Task objective
Among the lines of the listing below, retype exactly those from the one containing "Loose items are" through the one containing "To shut down", both included. Do not include pictures.

Records shown

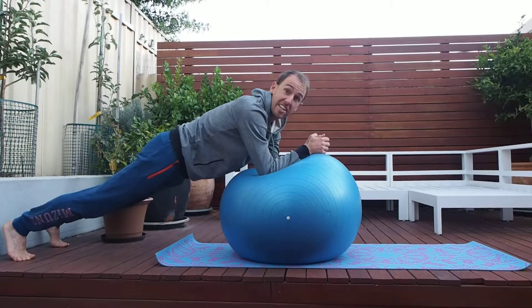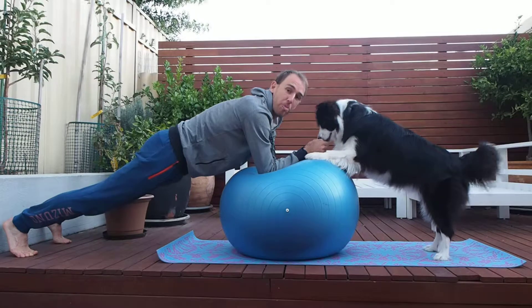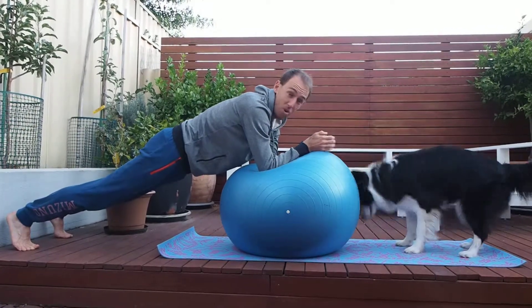If you want to make it even harder, get a friend. Asha, come. Good boy. So doing this together is a lot harder than it looks. One starts to move, the other one starts to fall.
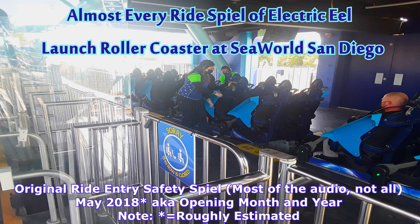Loose items are not permitted on Electric Eel. SeaWorld is not responsible for items left in the station. Glasses are only permitted if secured with a safety strap. Waist bags are permitted as long as they do not interfere with the harness system. All food, drink, and gum must be disposed of prior to riding.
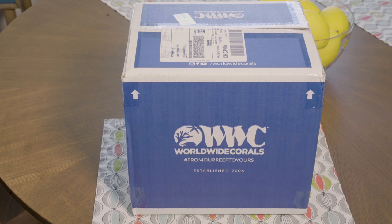Hi guys and girls, it's Reefman, and I wanted to show you what you get from a Worldwide Corals Platinum level subscription box.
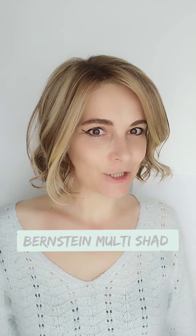Hi, I'm Kay. Thank you so much for joining me for my big review for Stella Monopart by Ellen Wille from the Modix collection in the color Bernstein Malti Shad.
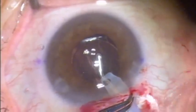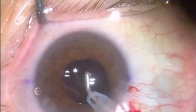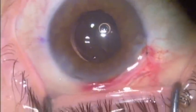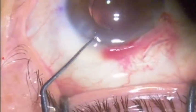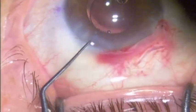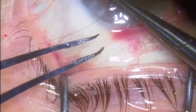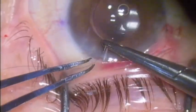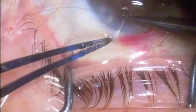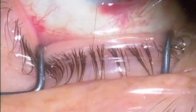I'm going to remove the residual viscoelastic. After doing this, I've made a decision to reconstruct the original cataract surgeon's clear cornea wound. This clear cornea wound was placed superiorly and it was inducing some flattening, which was exaggerating the patient's astigmatism. In addition to the scleral tunnel incision on the steep axis, I would reconstruct this clear cornea incision to reduce the flattening effect and the exaggeration of astigmatism.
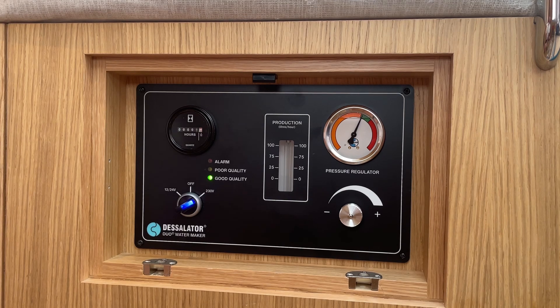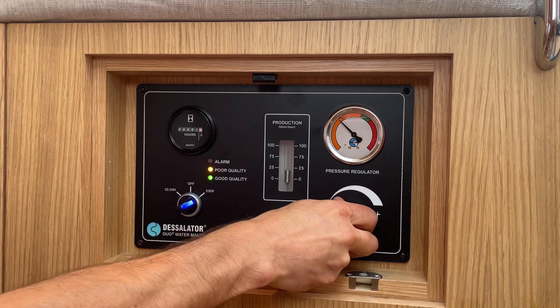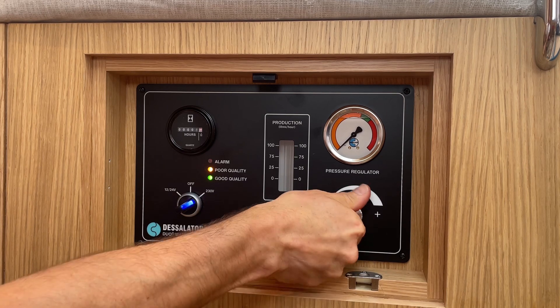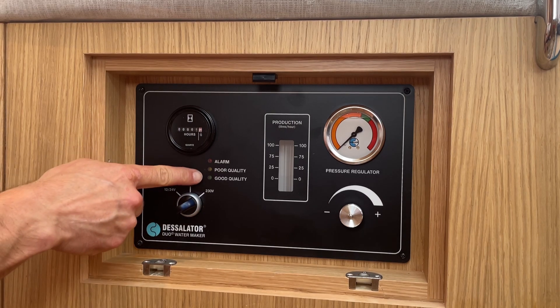To shut down the water maker, fully reduce the pressure using the regulator valve and allow the water maker to complete a rinse cycle. This will take approximately 30 seconds and the LEDs will extinguish to indicate the process is complete.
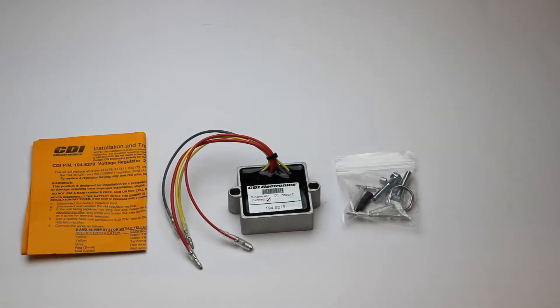This part fits 1989 through 1991, 105 through 225 horsepower; 1992 through 2005, 105, 135, 140, 150, 175, 200, 210, and 225 horsepower. See the description box below for the OEM part numbers that this replaces.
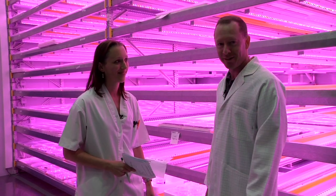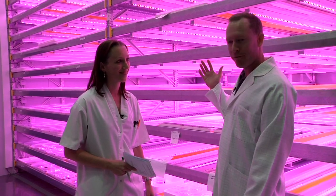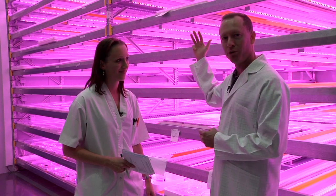Now we're here with the LEDs — the light emitting diodes. This is an area of research and interest where greenhouse growers, especially in America but also in the Netherlands and other parts of the world, are interested in this new technology.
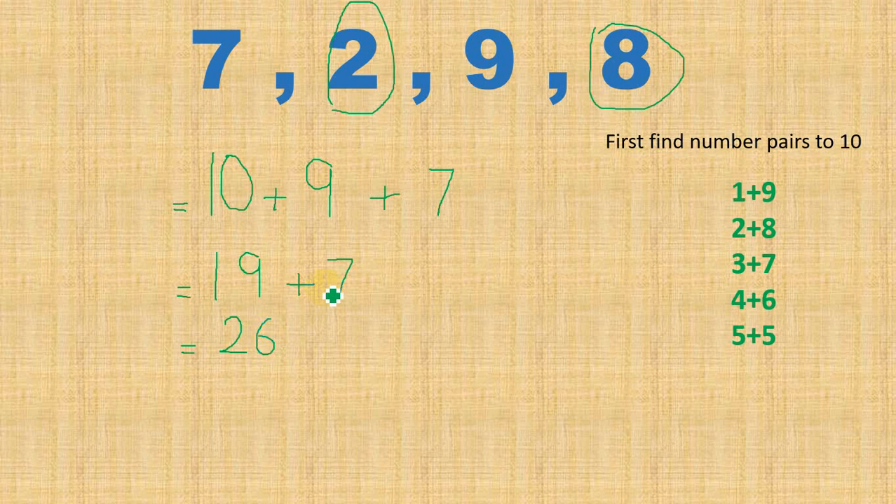That is one way of finding the answer. Another thing I can do: I know I got 10 here, and I can make another 10 because 9 is very close to 10 — I will need only one more. So I can take one from 7 by splitting 7 into 6 and 1, then add that 1 to 9 to make another 10.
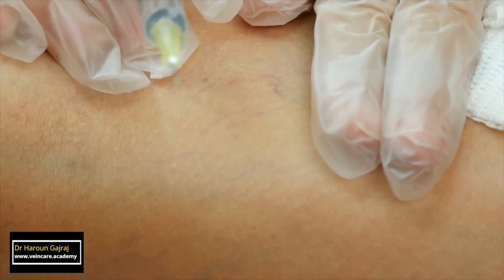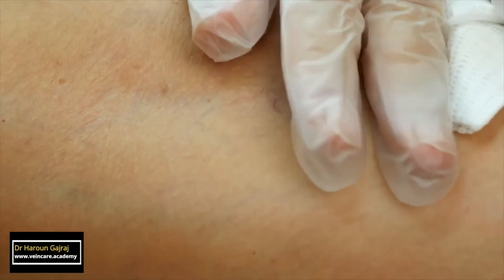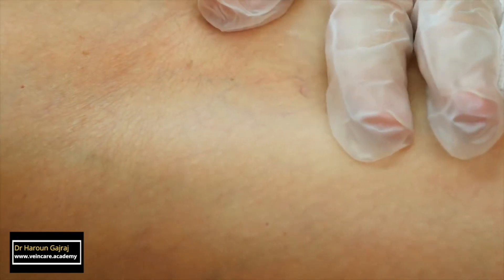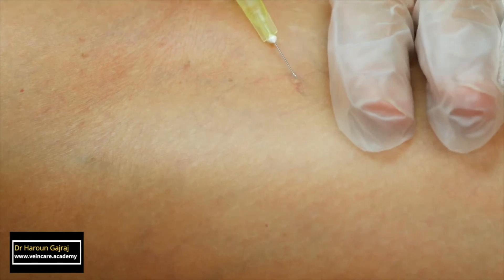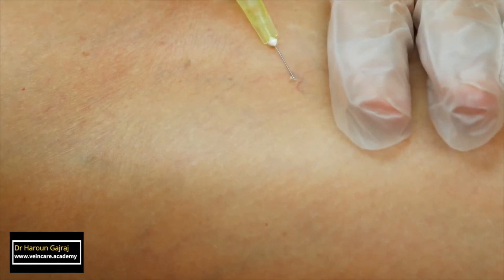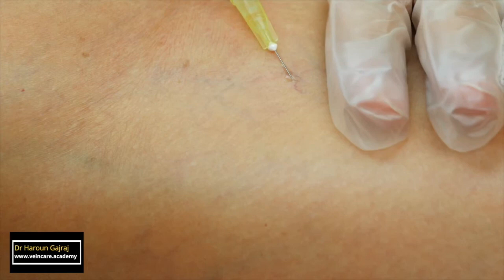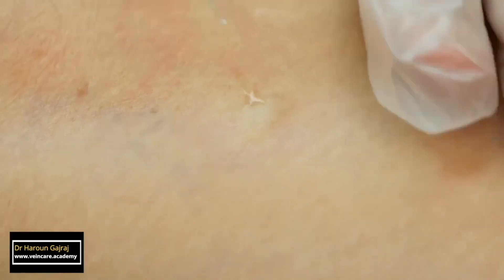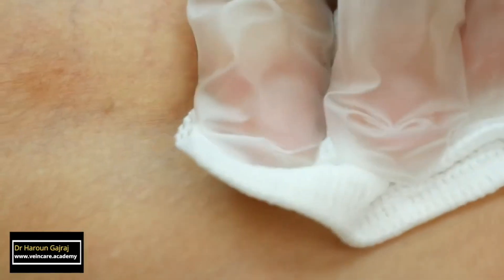From time to time, even the most experienced and expert practitioner will inject outside the vessel. A bleb indicates that the injection must be stopped immediately. Other warning signs to stop include pain on injection and blanching of the skin — this is not to be confused with blanching of the vessel. Blanching of the skin indicates that a small arteriole or an arteriovenous shunt has been injected, and if you continue injecting in this situation, you'll get very severe skin loss.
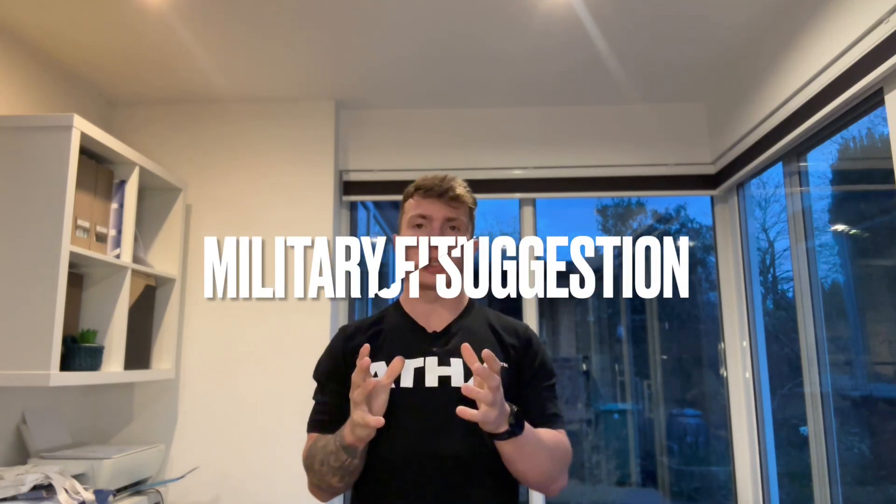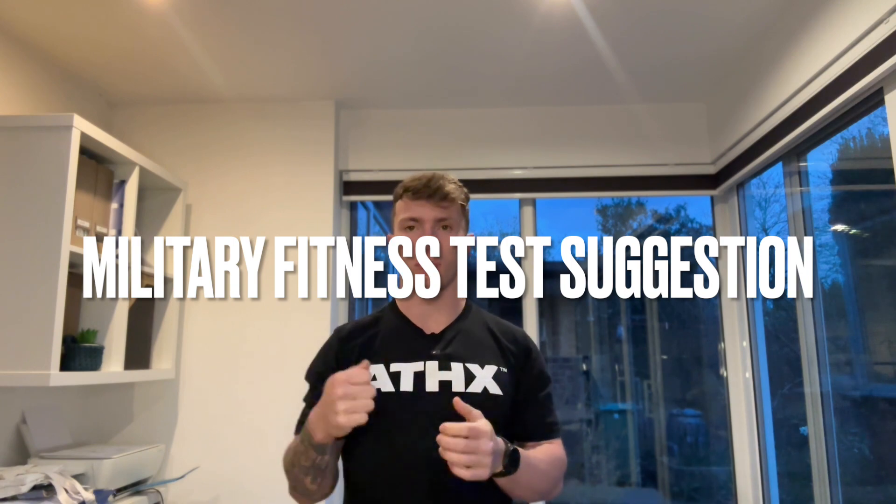What's going on guys? Welcome back to the channel. Today I'm going to be taking you through the military fitness test that I think the British Army should implement.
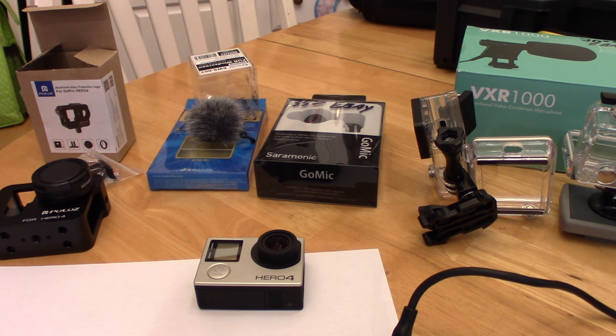Hey guys, Darren from Florida Saltwater Life here. I do a lot of shooting on a boat and use a GoPro for a lot of what I do. If you've ever owned a GoPro, you know that they're amazing little cameras.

Response to this task
Loose items are not permitted on Electric Eel. SeaWorld is not responsible for items left in the station. Glasses are only permitted if secured with a safety strap. Waist bags are permitted as long as they do not interfere with the harness system. All food, drink, and gum must be disposed of prior to riding.
Hi guys and girls, it's Reefman, and I wanted to show you what you get from a Worldwide Corals Platinum level subscription box.
Hi, I'm Kay. Thank you so much for joining me for my big review for Stella Monopart by Ellen Wille from the Modix collection in the color Bernstein Malti Shad.
I'm going to remove the residual viscoelastic. After doing this, I've made a decision to reconstruct the original cataract surgeon's clear cornea wound. This clear cornea wound was placed superiorly and it was inducing some flattening, which was exaggerating the patient's astigmatism. In addition to the scleral tunnel incision on the steep axis, I would reconstruct this clear cornea incision to reduce the flattening effect and the exaggeration of astigmatism.
To shut down the water maker, fully reduce the pressure using the regulator valve and allow the water maker to complete a rinse cycle. This will take approximately 30 seconds and the LEDs will extinguish to indicate the process is complete.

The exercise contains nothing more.